Entries provided section start

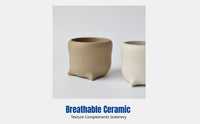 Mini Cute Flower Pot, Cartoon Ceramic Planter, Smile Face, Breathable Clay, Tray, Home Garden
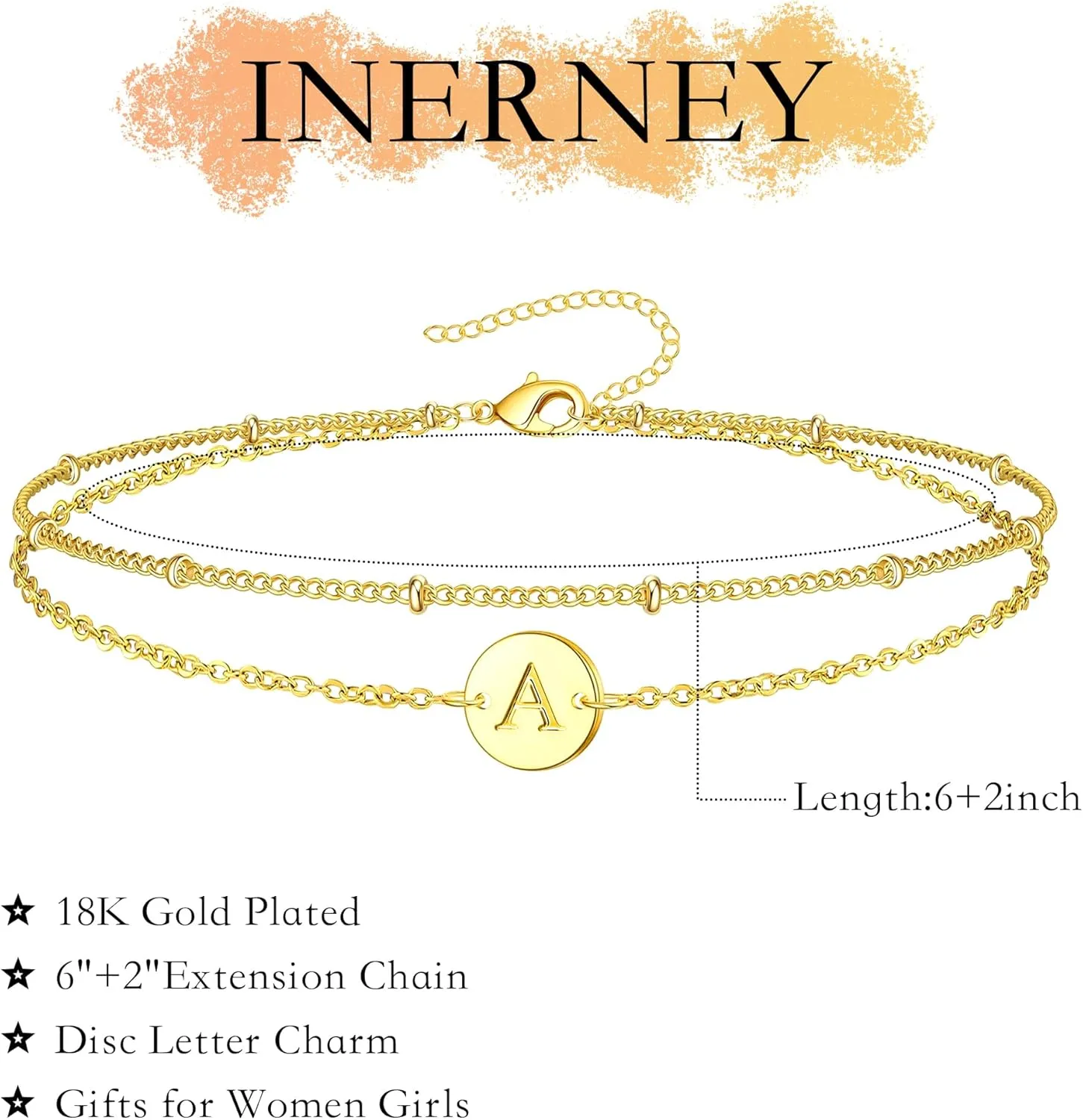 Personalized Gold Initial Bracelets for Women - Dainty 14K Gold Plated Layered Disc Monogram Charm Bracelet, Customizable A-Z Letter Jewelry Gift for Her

Entries provided section end
Entries provided section start

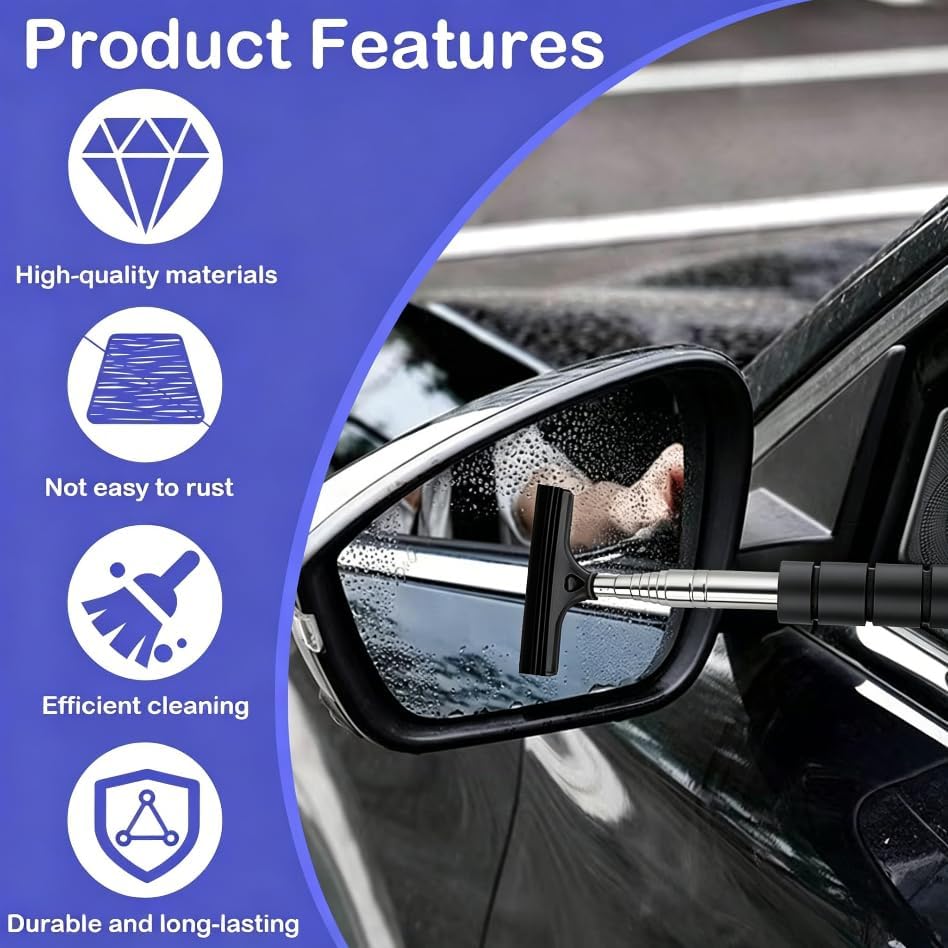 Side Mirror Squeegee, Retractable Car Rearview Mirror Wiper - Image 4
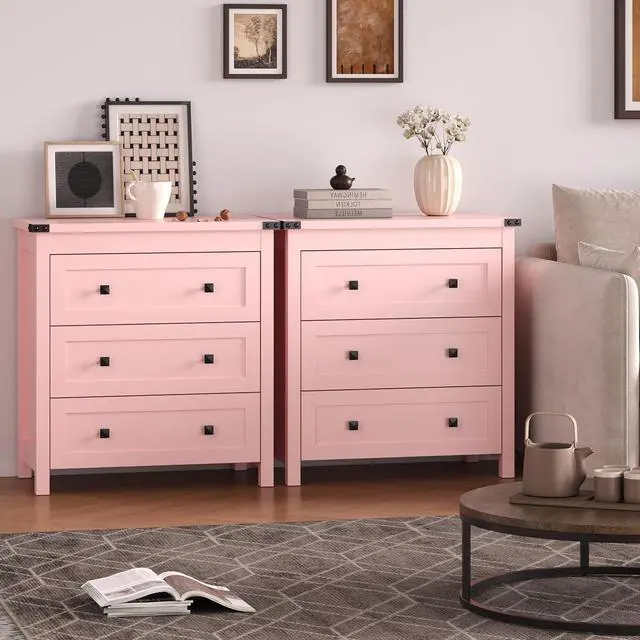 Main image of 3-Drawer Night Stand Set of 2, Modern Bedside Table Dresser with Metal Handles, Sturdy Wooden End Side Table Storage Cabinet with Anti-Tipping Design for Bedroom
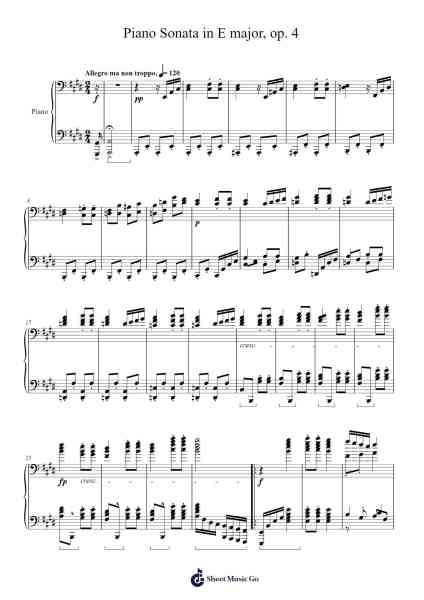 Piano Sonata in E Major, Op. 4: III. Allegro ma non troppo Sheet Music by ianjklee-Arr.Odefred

Entries provided section end

In the listing above, find the line with "Mini Cute Flower" and the line with "Personalized Gold Initial". Set down both and every line between them, minus the pictures.

 Mini Cute Flower Pot, Cartoon Ceramic Planter, Smile Face, Breathable Clay, Tray, Home Garden
 Personalized Gold Initial Bracelets for Women - Dainty 14K Gold Plated Layered Disc Monogram Charm Bracelet, Customizable A-Z Letter Jewelry Gift for Her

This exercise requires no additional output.